EXTRACTED DATA:

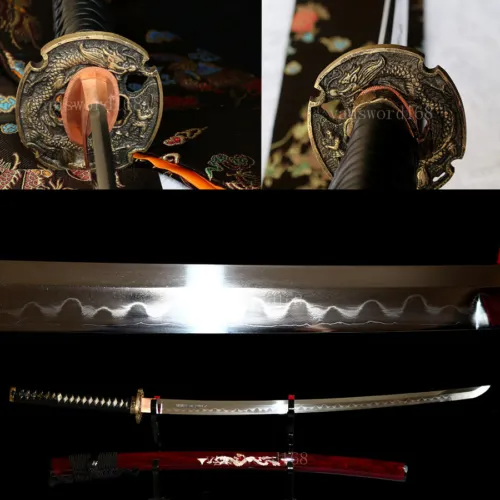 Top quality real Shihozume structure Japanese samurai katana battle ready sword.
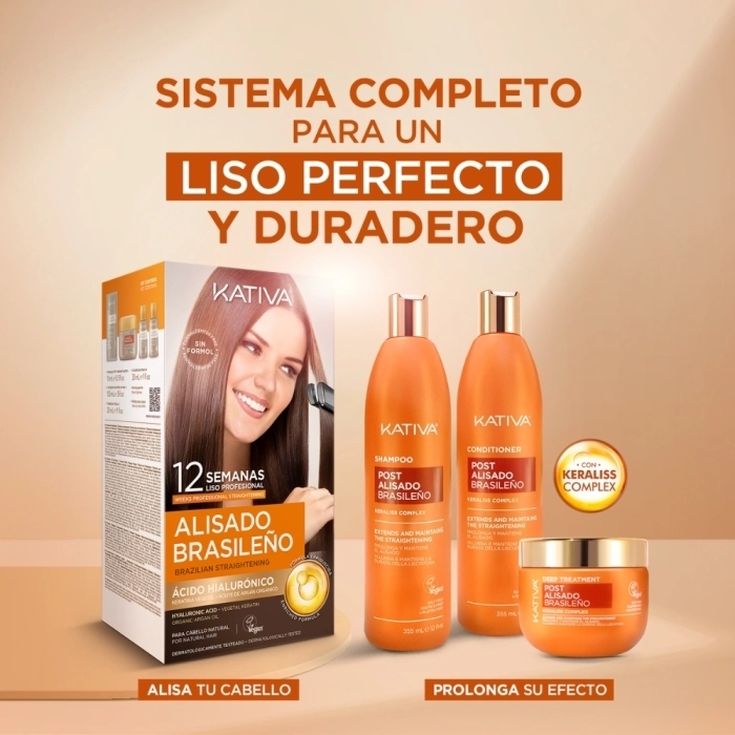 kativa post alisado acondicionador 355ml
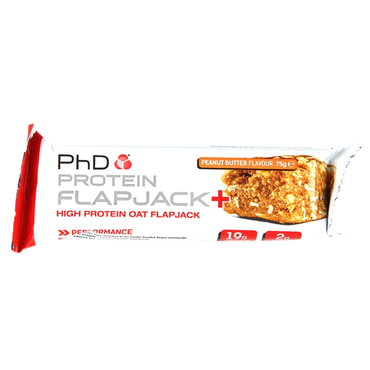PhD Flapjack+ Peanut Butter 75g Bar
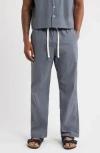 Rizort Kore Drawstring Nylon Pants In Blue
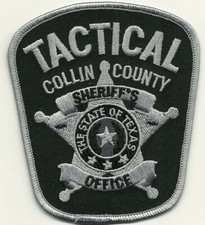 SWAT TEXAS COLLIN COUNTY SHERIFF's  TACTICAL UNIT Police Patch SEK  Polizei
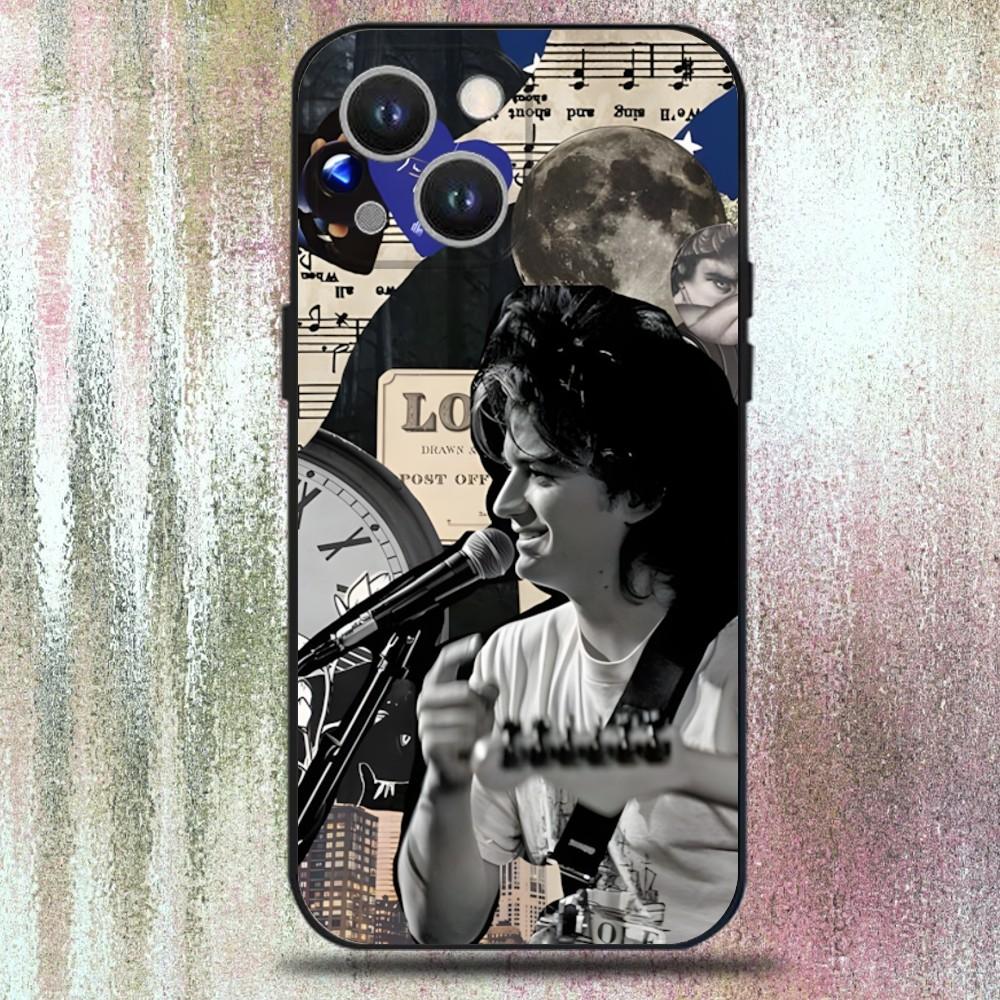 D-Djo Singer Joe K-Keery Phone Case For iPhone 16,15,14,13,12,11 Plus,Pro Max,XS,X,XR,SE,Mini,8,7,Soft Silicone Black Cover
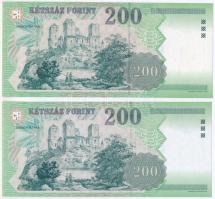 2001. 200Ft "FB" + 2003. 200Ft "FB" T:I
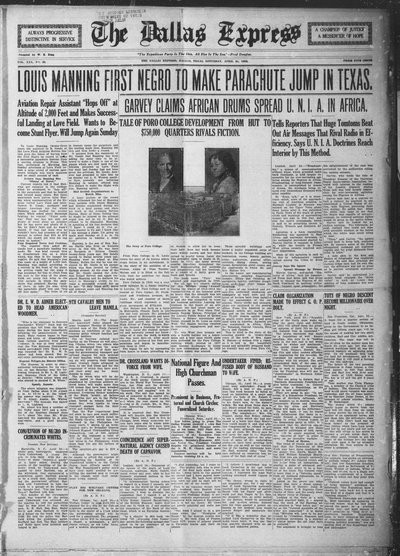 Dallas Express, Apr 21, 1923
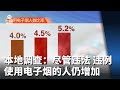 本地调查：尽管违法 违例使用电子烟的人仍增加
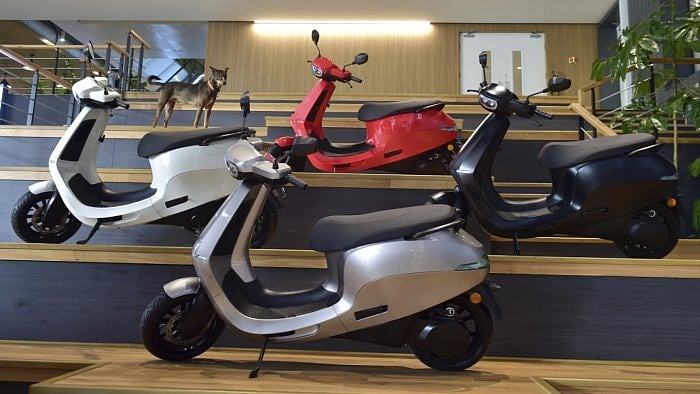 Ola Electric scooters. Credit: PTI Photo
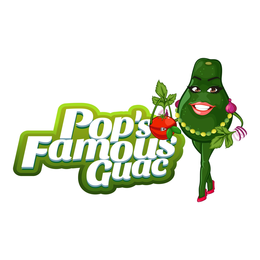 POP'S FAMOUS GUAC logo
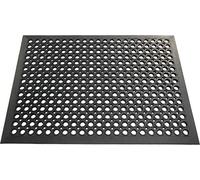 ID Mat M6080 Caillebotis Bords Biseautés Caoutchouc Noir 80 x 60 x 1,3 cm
==
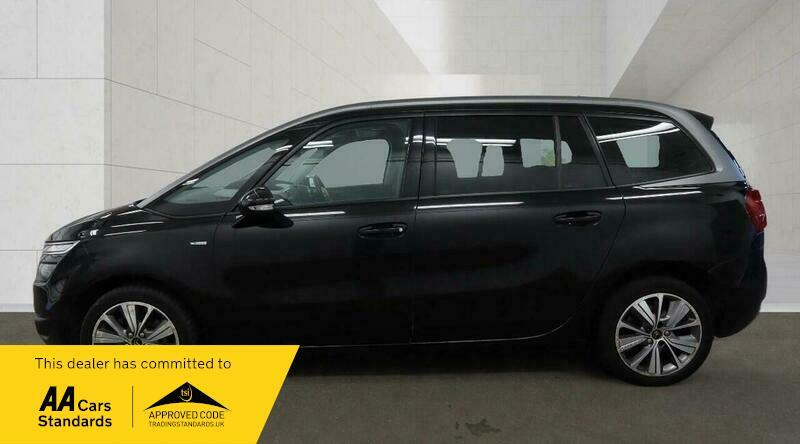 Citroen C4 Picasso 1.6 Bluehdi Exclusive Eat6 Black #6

DIRECTIONS FOR THIS TASK:
Only one stretch of the entries above is needed: the lines from the one containing "本地调查：尽管违法 违例使用电子烟的人仍增加" through the one containing "ID Mat M6080". Copy it exactly, without the pictures.

TASK OUTPUT:
 本地调查：尽管违法 违例使用电子烟的人仍增加
 Ola Electric scooters. Credit: PTI Photo
 POP'S FAMOUS GUAC logo
 ID Mat M6080 Caillebotis Bords Biseautés Caoutchouc Noir 80 x 60 x 1,3 cm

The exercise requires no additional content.